In the data below, locate the line containing "Residential Roofing Installation" and the line containing "Delicious donuts with", then retype both and everything between them exactly. Pictures are not part of the copy.

=== Source records ===

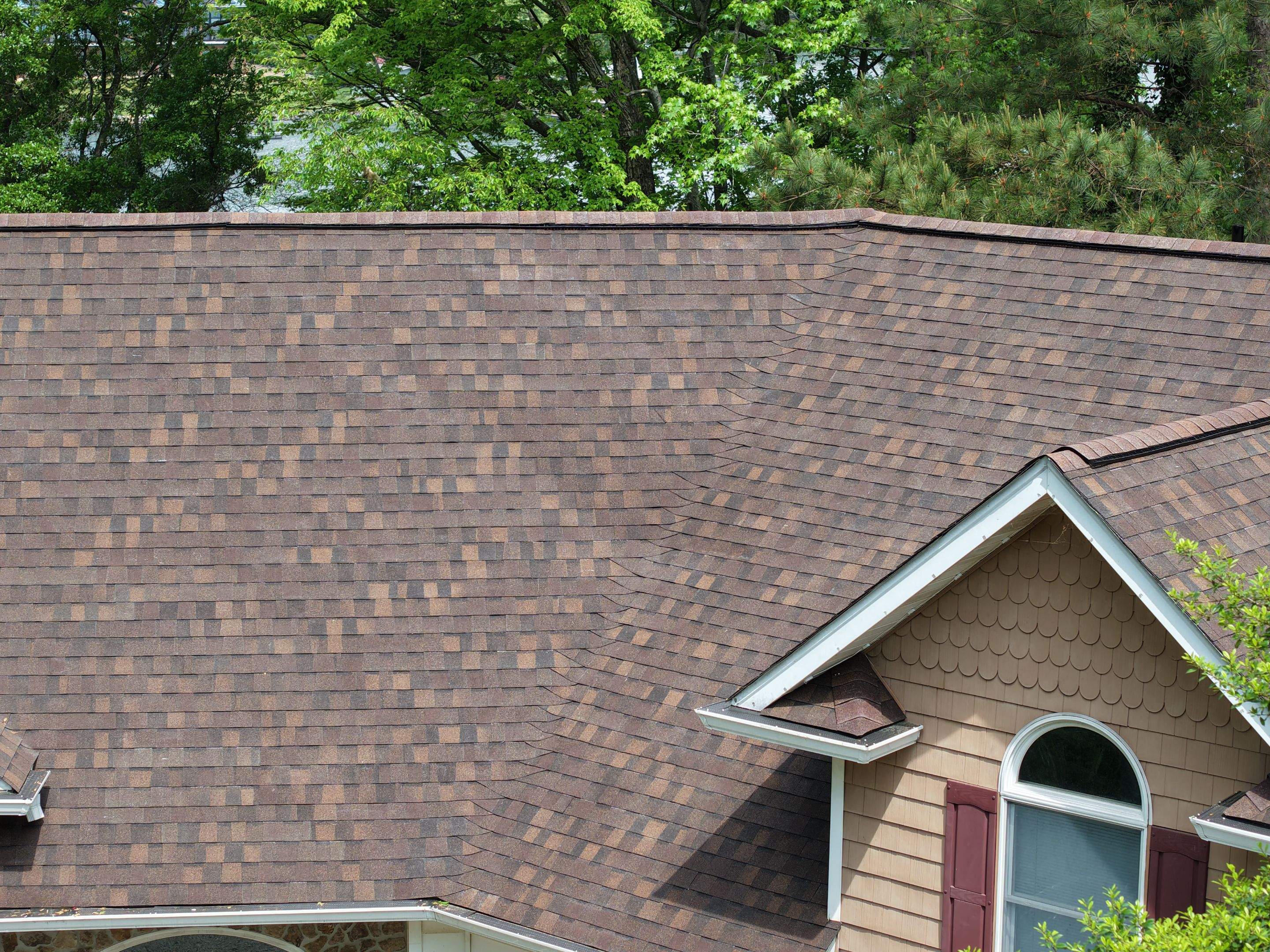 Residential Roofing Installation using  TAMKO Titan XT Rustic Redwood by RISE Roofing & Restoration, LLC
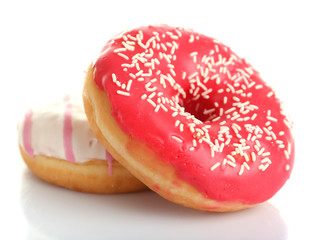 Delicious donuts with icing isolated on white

===
=== Source records ===

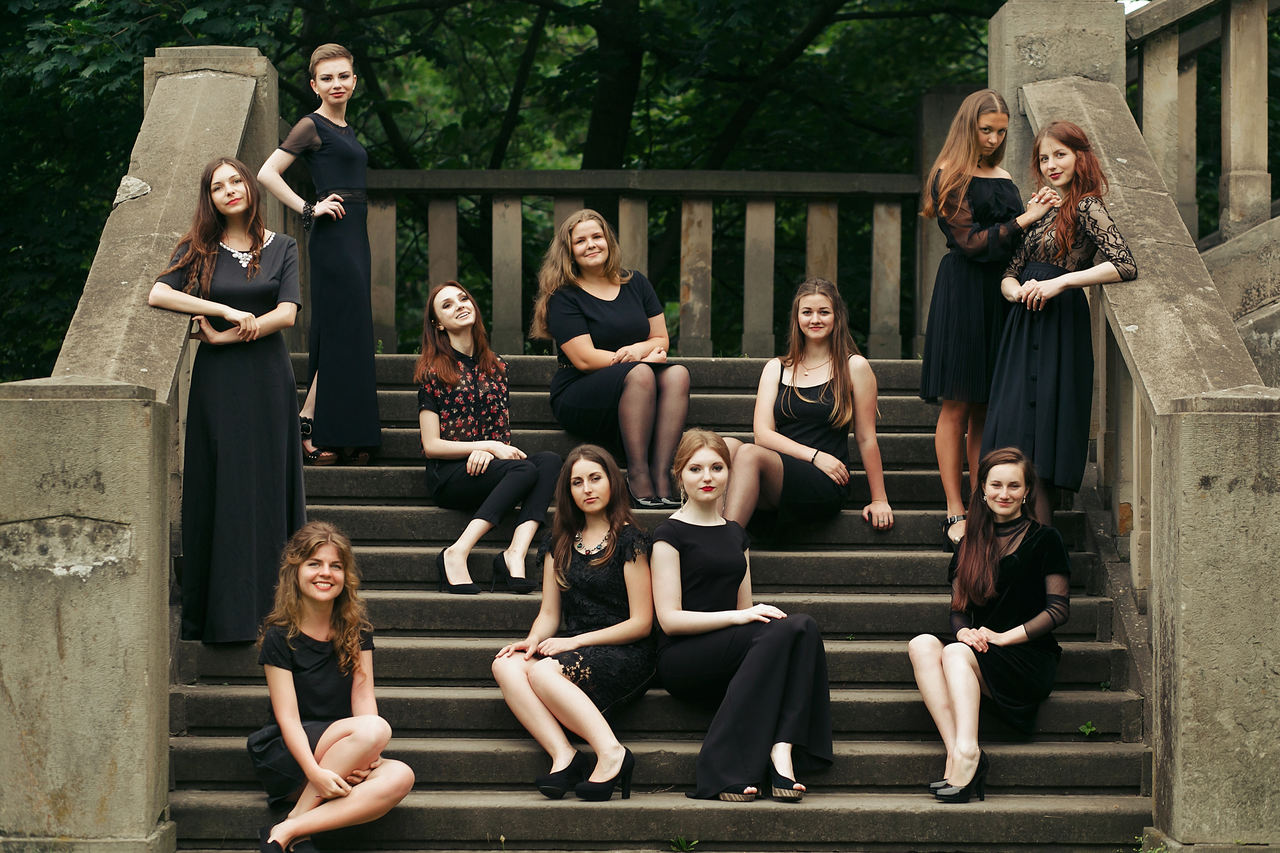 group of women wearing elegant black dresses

===

_Result for this exercise_:
 Residential Roofing Installation using  TAMKO Titan XT Rustic Redwood by RISE Roofing & Restoration, LLC
 Delicious donuts with icing isolated on white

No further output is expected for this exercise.